The definition for "determine" is "cause (something) to occur in a particular way; be the decisive factor in."

First, the notion of determining suggests an intelligent agent because only creatures with some concept of action and results or cause and effect can determine anything. This brings the  idea of supernatural determining into the argument.

Secondly, the first definition about "all events ultimately determined by causes external to human will" leaves both supernatural and purely "mechanical" determiners as options.

So is it a giant impersonal machine or a big guy with a plan?

Either way this leaves humans as just cogs in the great flow of the universe which is unappealing to most humans who are not supernaturally inclined. As for those who are supernaturally inclined, the argument of defense for god not just making everyone good is "free will." One has to choose to "suck up" to god other wise there would be not need for heaven, hell or salvation. The contradiction involved with a god that is omniscient and requires free will should be obvious. Of course, this brontosaurus in the room is not noticed by the seriously religious.

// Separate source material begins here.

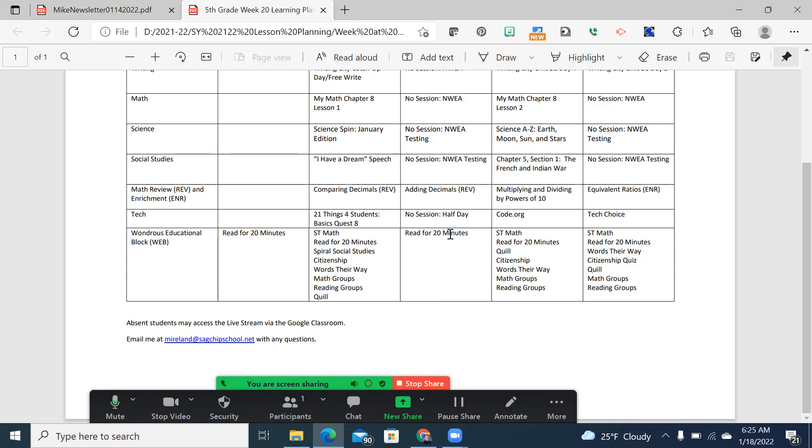And then, one note at the bottom, I have opted to not do the citizenship this week. With only three days, I like to review a little bit more than that. So we might just take the time to review some older ones, but there won't be a quiz on it.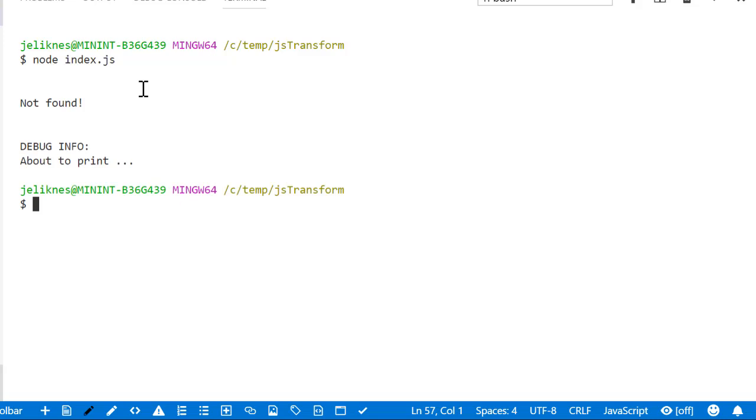The first thing I want to do is convert this to TypeScript. You've heard the expression valid JavaScript is valid TypeScript. Let's go ahead and test that. I'm going to initialize an npm project.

The whole problem of lack of responsibly is another sticky point and the source of many heated discussions based on either/or positions. There are environmental, biological and chemical influences or there is choice, decisions made and options taken. When the problems of justice,  fairness and the need to ensure a civil and safe society are mixed the arguments flare.

Was everything determined at or even before the big bang, set into motion in some complex way that is virtually indecipherable but at least theoretically possible to chart? Is it all random and therefore not determined but still out of our control in any way?

Are we all like insects in the larger scheme and just react to stimuli which just ends up appearing to involve choices and self direction?

So, determinism has the following issues:

1. Supernatural agent possibilities
2. No direction at all
3. Direction determined by complex processes that move forward and are the sole cause of human actions
4. How to run a society without responsibility
5. How to live with a sense of personal worth without actually being able to claim any credit for one's actions
6. (There are others no doubt.)

Next time, How valid are these opposing extremes?

___________________________________________________________________________


From "The Humanist"

Maryland State Senator received the Distinguished Service Award from the American Humanist Association. The following is from his acceptance speech.

"Has it gotten so edgy out there that those of us in public life are afraid to be associated with the great tradition of philosophical and ethical humanism? Do we actually have to whisper about the fact that Americans still identify with the Enlightenment values of our Founders and refuse to organize their political thoughts according to sectarian religious dogma?